--- RECORD SET Enclosed Below ---

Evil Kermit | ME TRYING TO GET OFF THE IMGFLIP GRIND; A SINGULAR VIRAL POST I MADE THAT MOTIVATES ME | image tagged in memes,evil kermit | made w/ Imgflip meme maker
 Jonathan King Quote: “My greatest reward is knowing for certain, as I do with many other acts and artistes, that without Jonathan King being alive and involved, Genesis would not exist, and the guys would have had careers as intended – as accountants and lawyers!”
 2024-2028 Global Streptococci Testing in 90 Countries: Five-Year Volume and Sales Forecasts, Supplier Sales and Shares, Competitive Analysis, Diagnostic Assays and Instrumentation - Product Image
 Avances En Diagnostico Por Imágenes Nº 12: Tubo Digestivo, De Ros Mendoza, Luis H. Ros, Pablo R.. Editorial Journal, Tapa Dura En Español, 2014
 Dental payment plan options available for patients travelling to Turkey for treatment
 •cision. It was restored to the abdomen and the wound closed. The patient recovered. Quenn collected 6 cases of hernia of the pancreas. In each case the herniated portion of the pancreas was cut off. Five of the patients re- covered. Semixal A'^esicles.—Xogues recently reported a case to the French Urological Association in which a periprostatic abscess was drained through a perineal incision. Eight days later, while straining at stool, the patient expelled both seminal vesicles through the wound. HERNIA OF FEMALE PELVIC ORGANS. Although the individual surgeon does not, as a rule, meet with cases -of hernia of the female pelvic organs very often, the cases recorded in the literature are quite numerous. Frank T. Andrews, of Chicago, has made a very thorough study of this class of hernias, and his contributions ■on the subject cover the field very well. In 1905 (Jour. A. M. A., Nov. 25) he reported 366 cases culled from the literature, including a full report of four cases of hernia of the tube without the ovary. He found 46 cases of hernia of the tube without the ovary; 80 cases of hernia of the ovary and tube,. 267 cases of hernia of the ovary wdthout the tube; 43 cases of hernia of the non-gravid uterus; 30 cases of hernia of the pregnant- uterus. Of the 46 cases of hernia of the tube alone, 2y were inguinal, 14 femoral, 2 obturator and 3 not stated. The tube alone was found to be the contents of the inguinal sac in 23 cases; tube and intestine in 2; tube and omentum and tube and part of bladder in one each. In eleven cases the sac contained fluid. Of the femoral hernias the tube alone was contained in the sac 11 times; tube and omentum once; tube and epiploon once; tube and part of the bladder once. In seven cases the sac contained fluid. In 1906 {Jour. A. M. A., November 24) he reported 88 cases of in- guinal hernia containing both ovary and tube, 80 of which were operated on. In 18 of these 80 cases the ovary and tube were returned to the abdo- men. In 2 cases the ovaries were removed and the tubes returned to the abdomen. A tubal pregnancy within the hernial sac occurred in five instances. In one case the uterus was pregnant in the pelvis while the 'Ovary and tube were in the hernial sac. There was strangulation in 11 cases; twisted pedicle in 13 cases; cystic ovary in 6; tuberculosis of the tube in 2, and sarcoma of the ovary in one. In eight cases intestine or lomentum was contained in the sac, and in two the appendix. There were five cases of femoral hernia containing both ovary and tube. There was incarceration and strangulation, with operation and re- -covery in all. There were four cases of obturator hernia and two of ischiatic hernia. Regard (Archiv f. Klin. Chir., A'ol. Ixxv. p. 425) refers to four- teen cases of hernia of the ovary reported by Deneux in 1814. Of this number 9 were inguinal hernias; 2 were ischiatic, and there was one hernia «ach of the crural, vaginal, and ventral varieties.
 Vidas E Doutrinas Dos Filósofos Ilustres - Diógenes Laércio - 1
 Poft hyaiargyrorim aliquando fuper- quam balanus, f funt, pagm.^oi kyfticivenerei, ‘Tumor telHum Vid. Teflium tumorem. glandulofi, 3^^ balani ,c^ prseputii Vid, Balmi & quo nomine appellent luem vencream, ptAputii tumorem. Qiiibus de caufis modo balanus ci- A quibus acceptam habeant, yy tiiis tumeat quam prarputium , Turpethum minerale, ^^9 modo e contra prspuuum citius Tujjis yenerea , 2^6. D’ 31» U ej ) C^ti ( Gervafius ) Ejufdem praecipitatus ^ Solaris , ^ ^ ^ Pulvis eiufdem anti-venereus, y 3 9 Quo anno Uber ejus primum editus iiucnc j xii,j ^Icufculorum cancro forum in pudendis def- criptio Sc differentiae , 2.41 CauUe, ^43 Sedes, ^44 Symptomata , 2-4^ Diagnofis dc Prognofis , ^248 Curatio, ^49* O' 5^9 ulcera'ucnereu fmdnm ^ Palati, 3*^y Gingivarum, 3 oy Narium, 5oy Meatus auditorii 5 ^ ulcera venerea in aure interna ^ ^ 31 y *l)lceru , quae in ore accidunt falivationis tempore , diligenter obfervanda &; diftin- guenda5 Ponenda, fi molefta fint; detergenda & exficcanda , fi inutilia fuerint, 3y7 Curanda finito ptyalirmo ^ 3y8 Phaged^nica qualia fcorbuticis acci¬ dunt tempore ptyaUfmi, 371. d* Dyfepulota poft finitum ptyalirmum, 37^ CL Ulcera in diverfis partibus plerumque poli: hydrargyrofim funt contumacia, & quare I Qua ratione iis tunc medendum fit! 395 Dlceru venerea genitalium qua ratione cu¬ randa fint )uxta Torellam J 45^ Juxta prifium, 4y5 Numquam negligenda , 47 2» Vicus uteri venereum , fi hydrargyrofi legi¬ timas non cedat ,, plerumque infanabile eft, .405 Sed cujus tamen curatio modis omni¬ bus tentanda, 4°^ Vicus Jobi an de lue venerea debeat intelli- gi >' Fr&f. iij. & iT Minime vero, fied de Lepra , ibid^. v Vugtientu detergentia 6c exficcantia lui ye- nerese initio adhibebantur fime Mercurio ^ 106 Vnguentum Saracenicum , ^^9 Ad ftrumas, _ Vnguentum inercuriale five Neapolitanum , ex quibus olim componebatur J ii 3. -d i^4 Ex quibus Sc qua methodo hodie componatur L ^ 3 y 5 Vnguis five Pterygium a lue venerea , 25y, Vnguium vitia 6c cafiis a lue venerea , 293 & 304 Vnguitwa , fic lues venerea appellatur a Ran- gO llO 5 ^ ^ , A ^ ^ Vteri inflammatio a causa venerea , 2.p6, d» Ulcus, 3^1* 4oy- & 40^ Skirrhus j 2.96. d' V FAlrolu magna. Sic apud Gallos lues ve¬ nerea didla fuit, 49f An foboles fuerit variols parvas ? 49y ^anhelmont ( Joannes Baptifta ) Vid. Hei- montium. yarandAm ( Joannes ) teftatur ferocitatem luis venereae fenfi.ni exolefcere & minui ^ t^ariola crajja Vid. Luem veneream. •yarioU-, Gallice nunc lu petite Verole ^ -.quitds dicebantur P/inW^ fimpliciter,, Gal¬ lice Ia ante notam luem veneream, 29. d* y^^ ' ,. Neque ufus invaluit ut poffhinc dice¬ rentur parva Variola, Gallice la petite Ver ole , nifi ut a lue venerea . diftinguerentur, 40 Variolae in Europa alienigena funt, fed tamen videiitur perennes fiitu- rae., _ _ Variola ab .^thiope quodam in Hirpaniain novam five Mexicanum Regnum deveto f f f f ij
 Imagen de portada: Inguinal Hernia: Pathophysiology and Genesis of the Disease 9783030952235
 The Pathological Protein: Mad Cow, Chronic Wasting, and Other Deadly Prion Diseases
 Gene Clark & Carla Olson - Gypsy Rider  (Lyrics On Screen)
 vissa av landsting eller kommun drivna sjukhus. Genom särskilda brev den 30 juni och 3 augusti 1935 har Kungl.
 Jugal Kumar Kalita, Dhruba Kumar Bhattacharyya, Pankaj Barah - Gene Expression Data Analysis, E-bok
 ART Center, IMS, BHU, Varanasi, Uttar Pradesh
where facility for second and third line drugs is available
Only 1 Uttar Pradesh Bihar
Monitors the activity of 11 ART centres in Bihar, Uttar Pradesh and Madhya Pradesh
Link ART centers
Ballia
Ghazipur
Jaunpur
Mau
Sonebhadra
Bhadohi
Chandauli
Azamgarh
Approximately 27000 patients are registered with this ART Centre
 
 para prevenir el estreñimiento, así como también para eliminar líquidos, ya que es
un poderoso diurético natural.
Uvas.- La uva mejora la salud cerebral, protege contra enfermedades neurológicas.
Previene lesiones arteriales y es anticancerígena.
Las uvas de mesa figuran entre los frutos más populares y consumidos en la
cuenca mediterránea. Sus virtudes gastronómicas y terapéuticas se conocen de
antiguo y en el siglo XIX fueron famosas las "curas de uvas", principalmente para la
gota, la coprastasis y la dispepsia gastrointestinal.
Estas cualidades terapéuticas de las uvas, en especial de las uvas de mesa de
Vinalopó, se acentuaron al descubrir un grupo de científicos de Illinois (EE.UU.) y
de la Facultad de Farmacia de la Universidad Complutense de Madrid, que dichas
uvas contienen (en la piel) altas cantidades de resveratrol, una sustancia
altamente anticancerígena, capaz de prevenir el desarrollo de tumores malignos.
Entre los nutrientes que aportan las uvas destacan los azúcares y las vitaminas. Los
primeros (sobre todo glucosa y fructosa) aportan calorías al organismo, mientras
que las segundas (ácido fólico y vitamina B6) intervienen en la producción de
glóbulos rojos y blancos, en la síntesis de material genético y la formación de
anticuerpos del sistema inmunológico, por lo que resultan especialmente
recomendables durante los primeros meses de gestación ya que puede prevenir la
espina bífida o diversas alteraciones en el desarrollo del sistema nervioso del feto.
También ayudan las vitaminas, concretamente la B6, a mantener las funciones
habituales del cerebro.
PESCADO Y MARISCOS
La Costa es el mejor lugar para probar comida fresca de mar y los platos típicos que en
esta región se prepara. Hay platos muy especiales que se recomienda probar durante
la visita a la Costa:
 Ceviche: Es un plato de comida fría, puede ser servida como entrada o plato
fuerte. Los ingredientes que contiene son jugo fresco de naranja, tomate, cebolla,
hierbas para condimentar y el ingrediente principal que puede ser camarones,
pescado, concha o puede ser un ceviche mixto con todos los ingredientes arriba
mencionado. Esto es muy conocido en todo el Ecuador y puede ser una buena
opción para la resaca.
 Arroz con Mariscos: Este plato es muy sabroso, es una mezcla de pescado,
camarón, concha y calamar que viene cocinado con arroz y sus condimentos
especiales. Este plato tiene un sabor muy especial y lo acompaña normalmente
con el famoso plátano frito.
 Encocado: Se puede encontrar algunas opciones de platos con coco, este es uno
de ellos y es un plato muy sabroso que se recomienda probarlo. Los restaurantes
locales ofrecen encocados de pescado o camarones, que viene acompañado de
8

--- End of Enclosed RECORD SET ---

EXERCISE BRIEF>
Filter the records, keeping only lines that contain "prevenir", and show those lines.

RESPONSE TO THE TASK>
 para prevenir el estreñimiento, así como también para eliminar líquidos, ya que es
altamente anticancerígena, capaz de prevenir el desarrollo de tumores malignos.
recomendables durante los primeros meses de gestación ya que puede prevenir la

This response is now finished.